- Cover art featuring the 2003 cars of 2002 Daytona 500 front row starters Jimmie Johnson and Kevin Harvick
- Developer: Papyrus Design Group
- Publisher: Sierra Entertainment
- Platforms: Windows, Mac OS X
- Release: WindowsNA: 11 February 2003; EU: 15 February 2003; AU: 19 February 2003; Mac OS XNA: 2 April 2003;
- Genre: Sim racing
- Modes: Single-player, multiplayer

= NASCAR Racing 2003 Season =

2003 video game

NASCAR Racing 2003 Season, or NR2003 for short, is a computer racing simulator released in February 2003 by Papyrus Design Group for Windows and Mac OS X. The game was the last to be released by the company before EA Sports bought the NASCAR license exclusively from 2004 to 2009 (parent company Sierra's successor company, Activision Blizzard, reacquired NASCAR rights in 2011, with NASCAR The Game: 2011).
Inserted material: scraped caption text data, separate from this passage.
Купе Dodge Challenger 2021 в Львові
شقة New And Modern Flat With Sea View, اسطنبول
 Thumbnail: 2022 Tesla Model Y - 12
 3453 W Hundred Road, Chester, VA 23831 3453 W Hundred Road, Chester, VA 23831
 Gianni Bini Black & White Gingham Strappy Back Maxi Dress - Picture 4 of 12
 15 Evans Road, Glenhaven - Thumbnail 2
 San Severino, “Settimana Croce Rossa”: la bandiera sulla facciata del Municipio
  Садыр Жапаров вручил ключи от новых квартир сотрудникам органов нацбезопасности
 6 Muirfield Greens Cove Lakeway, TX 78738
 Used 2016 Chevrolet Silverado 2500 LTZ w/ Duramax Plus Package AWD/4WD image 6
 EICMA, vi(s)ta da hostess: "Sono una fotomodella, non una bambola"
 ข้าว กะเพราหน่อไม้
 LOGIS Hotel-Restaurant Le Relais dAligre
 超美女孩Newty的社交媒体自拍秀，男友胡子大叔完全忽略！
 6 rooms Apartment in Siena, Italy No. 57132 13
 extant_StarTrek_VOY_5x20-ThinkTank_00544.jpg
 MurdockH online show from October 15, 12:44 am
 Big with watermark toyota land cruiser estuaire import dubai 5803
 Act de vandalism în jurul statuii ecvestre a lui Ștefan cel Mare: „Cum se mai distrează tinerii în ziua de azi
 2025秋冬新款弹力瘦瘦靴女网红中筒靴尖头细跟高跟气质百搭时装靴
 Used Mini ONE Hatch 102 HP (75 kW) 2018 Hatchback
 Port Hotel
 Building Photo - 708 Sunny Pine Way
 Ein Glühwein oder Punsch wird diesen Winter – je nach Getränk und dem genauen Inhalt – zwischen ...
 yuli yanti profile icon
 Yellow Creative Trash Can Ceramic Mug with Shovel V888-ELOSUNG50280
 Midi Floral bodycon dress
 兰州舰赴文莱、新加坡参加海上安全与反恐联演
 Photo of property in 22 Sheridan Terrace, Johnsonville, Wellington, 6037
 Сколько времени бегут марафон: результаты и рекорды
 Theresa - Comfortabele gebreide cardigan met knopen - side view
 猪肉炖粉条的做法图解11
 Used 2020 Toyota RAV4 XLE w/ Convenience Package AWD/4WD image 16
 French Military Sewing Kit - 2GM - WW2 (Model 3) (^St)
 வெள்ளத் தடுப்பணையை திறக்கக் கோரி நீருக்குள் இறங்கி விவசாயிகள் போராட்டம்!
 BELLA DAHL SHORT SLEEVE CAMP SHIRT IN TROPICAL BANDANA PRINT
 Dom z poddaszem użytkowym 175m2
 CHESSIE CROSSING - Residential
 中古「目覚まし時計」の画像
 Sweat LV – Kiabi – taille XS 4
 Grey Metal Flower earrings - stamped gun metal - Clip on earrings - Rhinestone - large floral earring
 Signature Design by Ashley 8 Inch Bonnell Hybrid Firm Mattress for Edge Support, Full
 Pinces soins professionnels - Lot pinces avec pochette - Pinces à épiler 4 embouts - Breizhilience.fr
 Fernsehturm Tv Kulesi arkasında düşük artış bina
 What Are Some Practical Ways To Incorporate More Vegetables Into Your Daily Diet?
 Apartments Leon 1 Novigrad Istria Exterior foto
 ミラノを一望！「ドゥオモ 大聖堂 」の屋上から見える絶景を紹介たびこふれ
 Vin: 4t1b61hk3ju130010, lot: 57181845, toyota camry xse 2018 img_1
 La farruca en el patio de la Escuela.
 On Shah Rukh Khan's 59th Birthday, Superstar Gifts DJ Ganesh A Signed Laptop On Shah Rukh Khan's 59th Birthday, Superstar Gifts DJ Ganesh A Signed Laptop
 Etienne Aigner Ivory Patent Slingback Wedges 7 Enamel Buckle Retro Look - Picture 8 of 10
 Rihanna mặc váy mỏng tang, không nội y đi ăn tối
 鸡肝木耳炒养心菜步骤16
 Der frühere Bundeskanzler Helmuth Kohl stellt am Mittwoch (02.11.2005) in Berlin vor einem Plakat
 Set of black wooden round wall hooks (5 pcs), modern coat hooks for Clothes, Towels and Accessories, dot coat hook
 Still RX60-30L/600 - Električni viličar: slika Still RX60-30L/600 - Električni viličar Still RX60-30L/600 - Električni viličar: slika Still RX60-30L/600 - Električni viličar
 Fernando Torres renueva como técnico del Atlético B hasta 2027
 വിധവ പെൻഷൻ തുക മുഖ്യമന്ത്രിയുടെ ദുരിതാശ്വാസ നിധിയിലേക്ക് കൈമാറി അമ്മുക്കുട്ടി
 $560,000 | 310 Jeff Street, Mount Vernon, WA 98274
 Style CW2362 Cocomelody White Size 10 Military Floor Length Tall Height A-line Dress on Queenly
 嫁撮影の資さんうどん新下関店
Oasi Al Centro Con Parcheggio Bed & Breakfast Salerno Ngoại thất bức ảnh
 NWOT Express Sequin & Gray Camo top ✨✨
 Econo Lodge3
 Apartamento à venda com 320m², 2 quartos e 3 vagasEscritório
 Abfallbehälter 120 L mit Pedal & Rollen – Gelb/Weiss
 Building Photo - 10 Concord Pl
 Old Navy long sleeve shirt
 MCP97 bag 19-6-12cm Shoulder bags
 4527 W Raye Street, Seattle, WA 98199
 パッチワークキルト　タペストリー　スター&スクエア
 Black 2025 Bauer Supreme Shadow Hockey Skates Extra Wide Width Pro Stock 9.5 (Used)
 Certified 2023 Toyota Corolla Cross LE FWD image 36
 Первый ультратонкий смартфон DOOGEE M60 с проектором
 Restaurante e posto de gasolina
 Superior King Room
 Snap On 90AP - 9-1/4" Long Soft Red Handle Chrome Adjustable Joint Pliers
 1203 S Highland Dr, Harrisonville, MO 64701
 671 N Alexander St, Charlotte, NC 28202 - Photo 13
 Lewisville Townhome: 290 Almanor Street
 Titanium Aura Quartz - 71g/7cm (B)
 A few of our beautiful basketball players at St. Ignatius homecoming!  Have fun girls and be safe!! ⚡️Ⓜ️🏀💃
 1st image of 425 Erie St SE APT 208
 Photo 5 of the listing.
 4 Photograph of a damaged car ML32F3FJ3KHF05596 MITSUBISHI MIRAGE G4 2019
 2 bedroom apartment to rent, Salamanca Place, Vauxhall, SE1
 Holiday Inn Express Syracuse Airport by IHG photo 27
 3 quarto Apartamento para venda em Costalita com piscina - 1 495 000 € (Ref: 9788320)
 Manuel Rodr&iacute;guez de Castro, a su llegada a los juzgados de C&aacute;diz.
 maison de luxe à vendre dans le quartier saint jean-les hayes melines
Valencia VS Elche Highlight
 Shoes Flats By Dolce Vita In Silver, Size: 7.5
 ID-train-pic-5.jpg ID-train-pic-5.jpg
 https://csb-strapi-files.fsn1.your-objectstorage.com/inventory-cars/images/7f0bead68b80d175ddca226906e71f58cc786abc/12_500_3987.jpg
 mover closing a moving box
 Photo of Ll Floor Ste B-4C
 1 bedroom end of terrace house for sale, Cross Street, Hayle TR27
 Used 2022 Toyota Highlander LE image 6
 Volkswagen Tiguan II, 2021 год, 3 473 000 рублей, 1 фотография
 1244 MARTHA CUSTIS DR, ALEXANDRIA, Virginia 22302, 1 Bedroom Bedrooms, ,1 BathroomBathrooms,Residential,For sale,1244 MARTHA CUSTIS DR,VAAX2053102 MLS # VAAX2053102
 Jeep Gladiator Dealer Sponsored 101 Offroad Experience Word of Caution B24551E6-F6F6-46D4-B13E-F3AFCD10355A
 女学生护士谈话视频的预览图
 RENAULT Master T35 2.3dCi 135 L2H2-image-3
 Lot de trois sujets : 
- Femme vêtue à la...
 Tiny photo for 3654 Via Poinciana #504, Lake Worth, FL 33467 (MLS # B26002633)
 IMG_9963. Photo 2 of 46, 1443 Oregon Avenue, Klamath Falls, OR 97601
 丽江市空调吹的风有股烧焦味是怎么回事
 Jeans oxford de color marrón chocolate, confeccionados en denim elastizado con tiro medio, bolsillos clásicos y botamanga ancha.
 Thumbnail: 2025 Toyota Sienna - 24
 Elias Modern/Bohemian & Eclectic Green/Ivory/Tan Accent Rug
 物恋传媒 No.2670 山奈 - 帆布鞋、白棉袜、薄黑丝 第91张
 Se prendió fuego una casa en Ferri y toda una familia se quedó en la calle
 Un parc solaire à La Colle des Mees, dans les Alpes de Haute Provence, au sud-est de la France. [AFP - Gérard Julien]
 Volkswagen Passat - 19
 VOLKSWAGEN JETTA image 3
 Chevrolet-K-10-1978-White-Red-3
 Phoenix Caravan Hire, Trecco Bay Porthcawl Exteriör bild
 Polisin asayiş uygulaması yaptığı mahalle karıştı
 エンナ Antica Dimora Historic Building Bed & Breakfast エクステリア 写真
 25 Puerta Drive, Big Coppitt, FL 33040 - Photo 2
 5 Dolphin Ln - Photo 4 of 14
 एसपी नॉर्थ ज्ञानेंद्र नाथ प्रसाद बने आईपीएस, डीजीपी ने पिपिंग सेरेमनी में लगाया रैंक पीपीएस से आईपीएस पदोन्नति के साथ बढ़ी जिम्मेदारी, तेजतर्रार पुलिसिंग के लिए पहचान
The game included all of the 2003 NASCAR season tracks and many of the drivers, including Dave Blaney, who was absent in NASCAR Thunder 2004. In May 2003, Papyrus published a free DLC for the game, containing three fictional tracks.

==Gameplay==

Cockpit view

NASCAR Racing 2003 Season contains 42 Winston Cup teams that were anticipated to run throughout the season, with the exception of the cars from Chip Ganassi Racing, as well as 23 Winston Cup series tracks, putting the player behind the wheel of a NASCAR stock car. Players are able to choose between testing sessions, offline single racing, championship, and multiplayer options as well as car setup choices. The physics engine was refined and enhanced under consultation with NASCAR team engineers.

==Ownership==
At the end of March 2004, NR2003 was pulled from shelves when Electronic Arts acquired the exclusive NASCAR rights. In May 2004, Papyrus was shut down, and David Kaemmer bought the source code and assets a couple months later for his company FIRST, LLC where it became the base code for iRacing. In 2007, Sierra, the game's publishers, shut down the online servers.

==Reception==

The game received "generally favorable reviews", according to the review aggregation website Metacritic.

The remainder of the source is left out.